Gender, Race, and Scheduling

Walmart workerBad jobs are usually defined as those with low pay, little autonomy, and few benefits. Add to the list irregular hours. As Steven Greenhouse describes in his New York Times article on the part-time labor force, workers today are suffering from erratic scheduling. In the service industry, employers routinely cut their hours or send them home early when customer traffic slows. On the flipside, workers are required to be on call or stay late during especially busy times. Erratic hours not only mean income insecurity, but also result in the inability to do anything else, like search for a second job or take a class.

In my research on the retail industry, workers identified scheduling as the worst aspect of their jobs—worse than pay, autonomy, or benefits. My ethnographic study, Inside Toyland, explores the impact of erratic hours on the lives of low wage retail workers. The unpredictability of scheduling presented a nightmare for many single mothers at the Toy Warehouse, one of the two stores where I worked. Schedules were posted on Friday, for the following week beginning on Sunday. The two-day notice of scheduling made it especially difficult to arrange child care and resulted in some bringing their kids to work with them.

The stakes are high. In two recent incidents, women were arrested for leaving their children unattended while working or interviewing for a job. Low wage employers who demand worker availability at all times contribute to the already impossible plight of poor mothers and their children.

While I was working at the Toy Warehouse, associates were asked to fill in a form indicating our availability to work, from 6am until 10pm. This form, which was attached to our paychecks, warned that “associates with the flexible availability will get more hours than those who are limited.” Anyone who limited their availability was hit hard when schedules came out the following week, causing a great deal of anger and bad feelings. Angela, an experienced associate, was scheduled for only four hours, and she was so mad that no one could even talk to her.

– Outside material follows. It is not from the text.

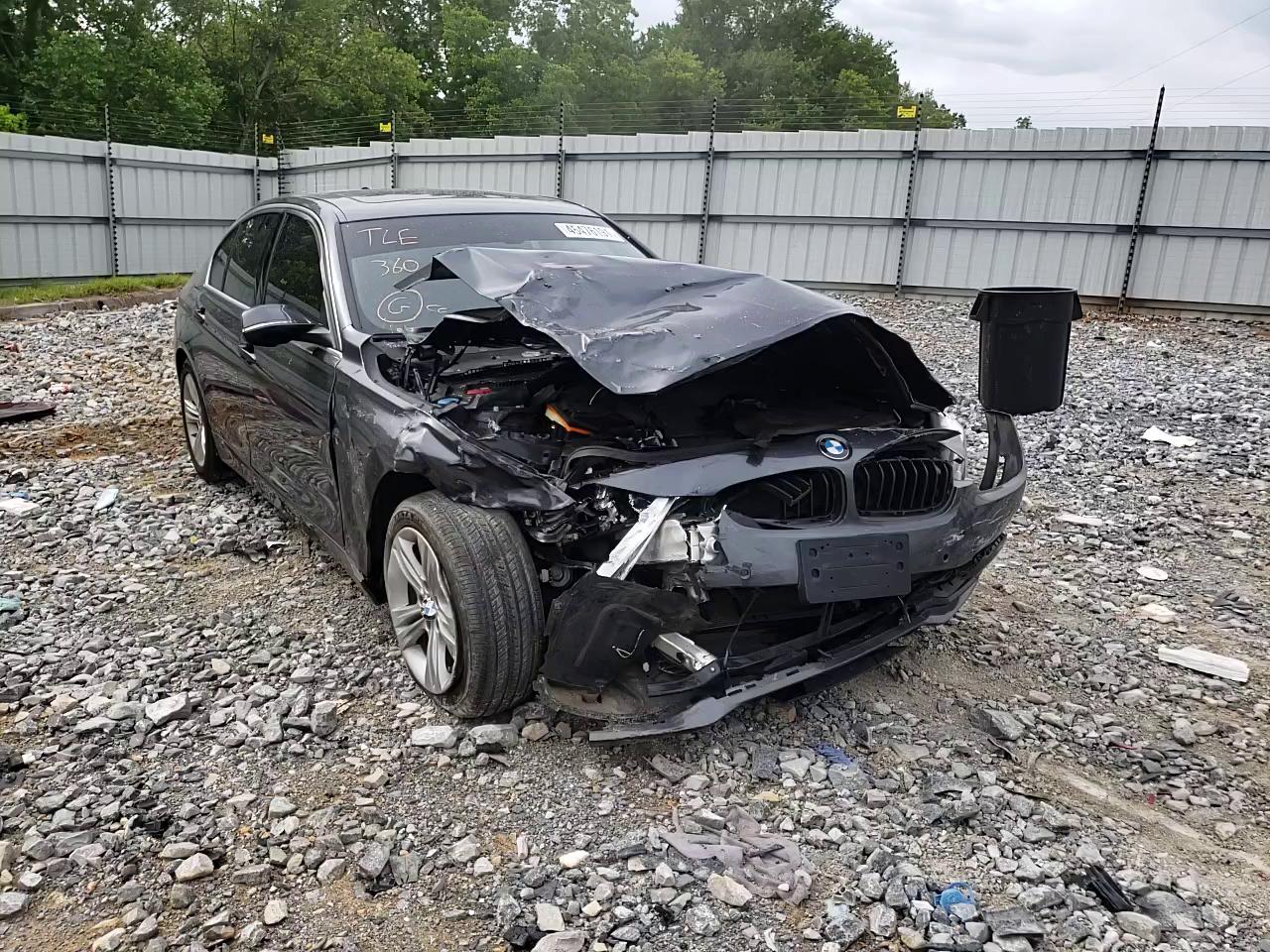 2017 BMW 330 XI WBA8D9C38HA005449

Complaining was not an option; those who did got their hours cut further. Instead of firing them, employers routinely squeeze out workers by starving them for hours or intentionally scheduling them when they are not available. Sociologist Jennifer Parker Talwar observes that in the fast food industry, firing is rarely a direct action. Instead, managers typically reduce hours or schedule workers for undesirable hours (very early or very late). She writes, “such employees are eventually forced to quit on their own, and the employer escapes having to pay unemployment insurance” (2002, 58).

At the Toy Warehouse, this common employer practice was directed mostly at African Americans—thus dodging the eyes of the Equal Employment Opportunity Commission. One of my coworkers raised this issue, noticing that new hires (none of whom were Black) were getting better hours than the experienced workers (most of whom were Black). Michelle tried to get a petition drive going to complain about the diminishing hours, but no one would sign. People told her “I don’t want to lose my job; I need this job.” When Michelle complained, she was scheduled to work hours that conflicted with her other job (a school janitor). She told me that sometimes she is asked to be at the toy store at noon, but she cannot arrive in time since her janitor job requires her to be there until 1:30. After receiving two demerits for tardiness, Michelle decided to resign.

Erratic scheduling is a mechanism for reproducing gender and race inequality in the workplace. Under the guise of offering “flexibility” to workers, low wage employers are making bad jobs even worse.